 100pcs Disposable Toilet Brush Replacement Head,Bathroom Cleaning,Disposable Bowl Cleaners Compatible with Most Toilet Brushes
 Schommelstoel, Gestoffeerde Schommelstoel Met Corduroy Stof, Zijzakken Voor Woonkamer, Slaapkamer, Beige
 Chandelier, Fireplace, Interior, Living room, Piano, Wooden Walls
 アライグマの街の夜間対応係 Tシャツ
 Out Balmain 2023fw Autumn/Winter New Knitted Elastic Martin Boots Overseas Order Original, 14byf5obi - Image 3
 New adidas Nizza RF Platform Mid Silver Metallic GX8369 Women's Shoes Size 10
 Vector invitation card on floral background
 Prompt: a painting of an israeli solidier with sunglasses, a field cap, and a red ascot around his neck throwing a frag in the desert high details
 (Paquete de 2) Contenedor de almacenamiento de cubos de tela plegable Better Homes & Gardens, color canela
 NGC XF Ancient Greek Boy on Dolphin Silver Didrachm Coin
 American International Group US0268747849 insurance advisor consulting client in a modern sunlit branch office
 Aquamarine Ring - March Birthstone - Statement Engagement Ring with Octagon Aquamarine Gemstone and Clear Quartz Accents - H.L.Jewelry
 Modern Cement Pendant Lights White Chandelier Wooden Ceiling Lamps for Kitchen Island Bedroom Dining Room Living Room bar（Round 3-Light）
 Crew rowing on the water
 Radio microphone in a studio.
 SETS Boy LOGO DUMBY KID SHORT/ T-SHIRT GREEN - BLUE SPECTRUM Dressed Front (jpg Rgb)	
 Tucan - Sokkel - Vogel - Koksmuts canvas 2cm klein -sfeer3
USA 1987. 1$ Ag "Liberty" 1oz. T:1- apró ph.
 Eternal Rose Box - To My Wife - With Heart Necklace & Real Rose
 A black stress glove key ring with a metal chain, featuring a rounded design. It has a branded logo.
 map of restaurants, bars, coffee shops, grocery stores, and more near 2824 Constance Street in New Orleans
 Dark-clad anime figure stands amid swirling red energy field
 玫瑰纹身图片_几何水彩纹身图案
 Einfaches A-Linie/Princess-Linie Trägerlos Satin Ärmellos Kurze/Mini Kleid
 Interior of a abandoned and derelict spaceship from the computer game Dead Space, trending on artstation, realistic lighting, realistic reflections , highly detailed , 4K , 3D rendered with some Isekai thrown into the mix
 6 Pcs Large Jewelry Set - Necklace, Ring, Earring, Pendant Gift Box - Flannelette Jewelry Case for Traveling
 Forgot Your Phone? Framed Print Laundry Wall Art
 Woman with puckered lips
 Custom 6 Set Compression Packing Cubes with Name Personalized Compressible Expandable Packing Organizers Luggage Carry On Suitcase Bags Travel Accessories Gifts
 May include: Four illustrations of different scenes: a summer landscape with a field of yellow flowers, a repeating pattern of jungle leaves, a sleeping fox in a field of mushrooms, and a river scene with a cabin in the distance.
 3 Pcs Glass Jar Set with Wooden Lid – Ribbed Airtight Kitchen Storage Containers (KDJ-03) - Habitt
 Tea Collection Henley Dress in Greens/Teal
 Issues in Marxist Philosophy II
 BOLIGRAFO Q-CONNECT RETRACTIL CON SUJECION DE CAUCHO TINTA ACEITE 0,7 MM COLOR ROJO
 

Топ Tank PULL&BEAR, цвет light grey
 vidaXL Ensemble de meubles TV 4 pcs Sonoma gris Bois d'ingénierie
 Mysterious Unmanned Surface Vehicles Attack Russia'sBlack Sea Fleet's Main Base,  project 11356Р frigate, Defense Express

⁂

Whenever a line of the records holds the string "Necklace", pick it out and copy it.

• _Response area_:
 Eternal Rose Box - To My Wife - With Heart Necklace & Real Rose
 6 Pcs Large Jewelry Set - Necklace, Ring, Earring, Pendant Gift Box - Flannelette Jewelry Case for Traveling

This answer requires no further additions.